In August 2014, the city manager of Black Rock City, Nevada described Burning Man, an annual event at nearby Black Rock Desert, as having "jumped the shark", when the 2014 event—which had been previously noted for core values of radical self-expression and self-reliance—featured incongruously posh VIP lounges, cell phone towers, private jets, and "glamping".
The implication that Burning Man has "jumped the shark" (or is a fallen utopia) is questioned by cultural anthropologist Graham St John, who argues that Burning Man was never a utopia in the first place.

In January 2018, journalist Keith Olbermann criticized the inclusion of esports players on the sports journalism website The Players' Tribune, saying that they "have jumped the shark by publishing pieces by snotty random kids playing children's games" in response to an article by Doublelift, a League of Legends player.

In May 2021, CNBC news anchor Carl Quintanilla proposed that Elon Musk had jumped the shark with his advocacy of cryptocurrencies instead of focusing on Tesla, Inc as it began to lose market share and its stock price began to plunge.

Writing in the April 2–3, 2022, edition of the Wall Street Journal, reporter Kathryn O'Shea-Evans quoted an interior designer who remarked that chef's kitchens in homes were  passé.  "Chef's kitchens have jumped the shark. And for what?  Unpacking takeout?"

In February 2023, when newspapers dropped the comic strip Dilbert following cartoonist Scott Adams' racist comments, Mike Peterson, columnist for the industry blog The Daily Cartoonist, said “The strip jumped the shark.” Peterson argued that Adams had “kind of ran out of office jokes and started integrating all this other stuff so after a while, it became hard to distinguish between Scott Adams and 'Dilbert.'"

Related idioms

Nuke the fridge 

In 2008, TIME identified a term modeled after "jump the shark": "nuke the fridge". Specifically applicable to film, the magazine defined the term: "to exhaust a Hollywood franchise with disappointing sequels."

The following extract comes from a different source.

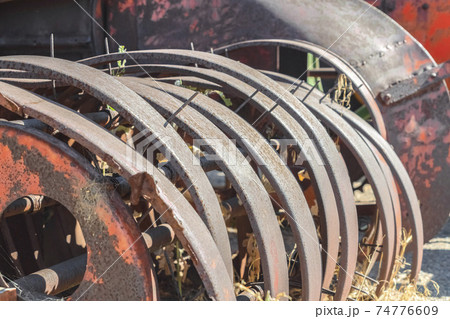 Damaged and rusty wheels of an old vintage tractor on a farm on a sunny day 74776609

The phrase derives from a scene in the fourth Indiana Jones film, Indiana Jones and the Kingdom of the Crystal Skull, in which Indiana Jones survives an atomic bomb detonation by fitting himself into a lead-lined refrigerator to shield himself from the radiation. The explosion annihilates its surroundings but sends the refrigerator flying sufficiently distant for the protagonist to escape unhurt. The scene was criticized as being scientifically implausible.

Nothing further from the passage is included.